WHAT THE EXERCISE ASKS:
Take the entries below and reproduce exactly the portion that begins at the line containing "Idyllisches Muehlengebaeude Appartement" and ends at the line containing "Conferencia sobre el agua", keeping both ends, dropping pictures, and adding nothing else.

TASK DATA:
——————————
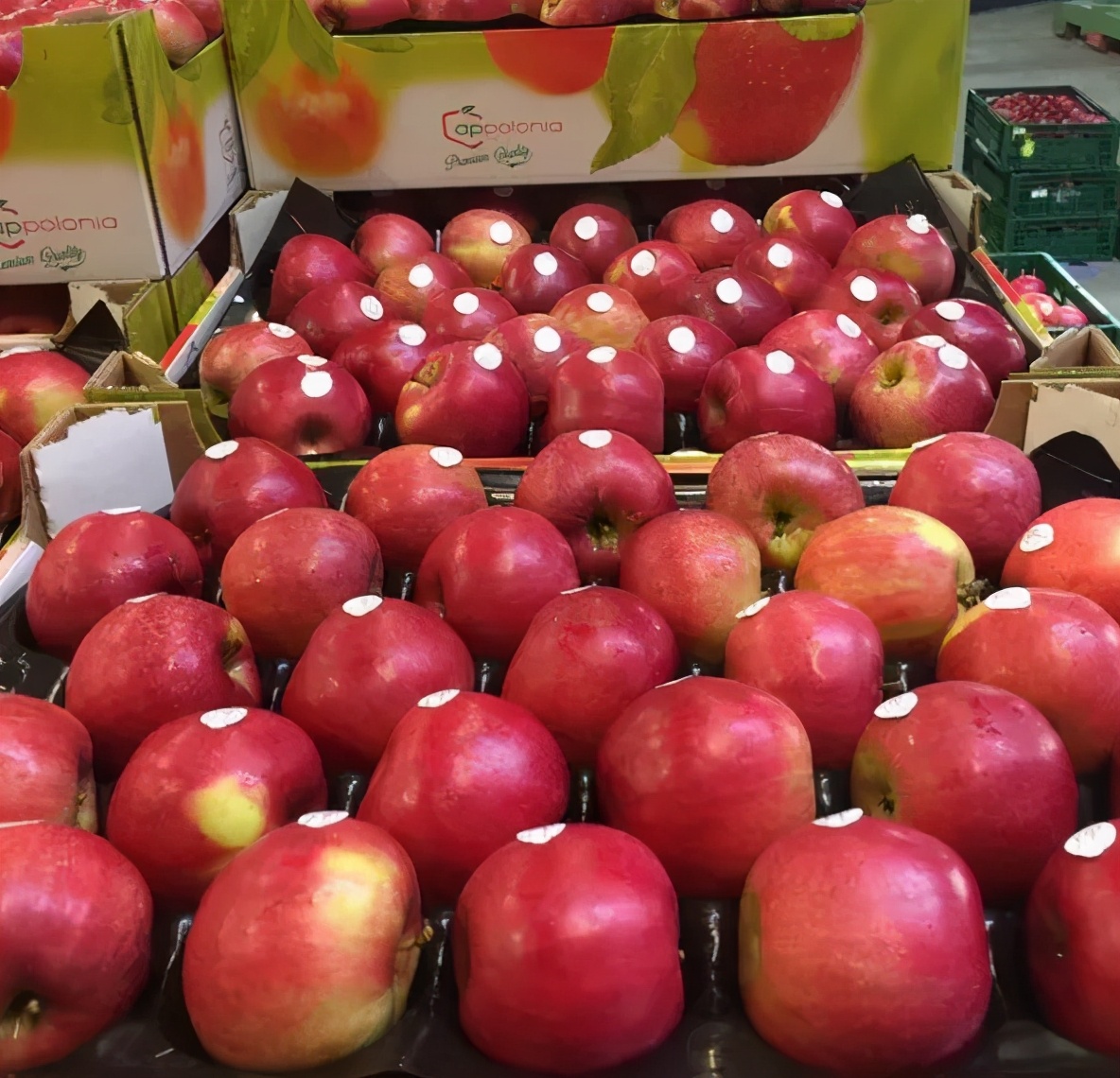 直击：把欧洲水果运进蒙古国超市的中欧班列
——————————
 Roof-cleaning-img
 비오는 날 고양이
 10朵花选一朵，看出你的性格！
——————————
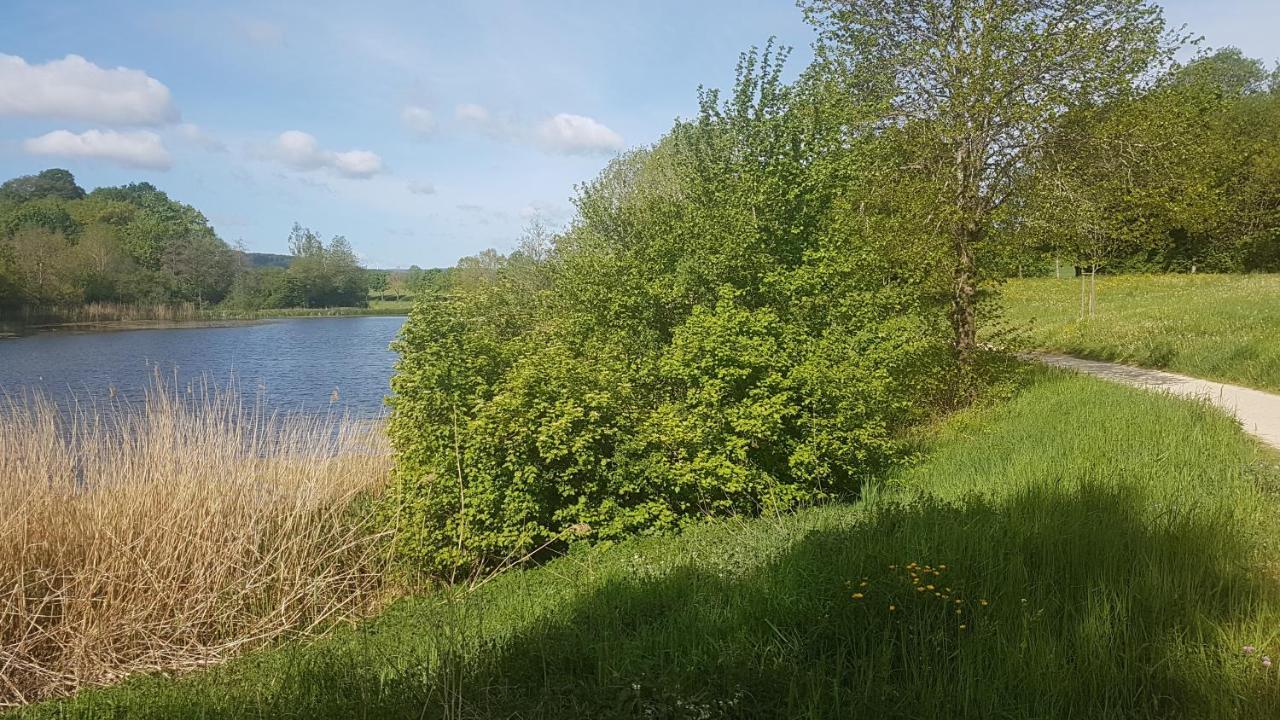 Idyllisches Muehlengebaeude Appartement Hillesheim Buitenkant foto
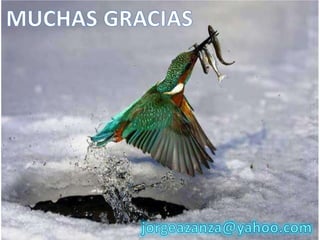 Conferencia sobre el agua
——————————
RESULT OF THE EXERCISE:
 Idyllisches Muehlengebaeude Appartement Hillesheim Buitenkant foto
 Conferencia sobre el agua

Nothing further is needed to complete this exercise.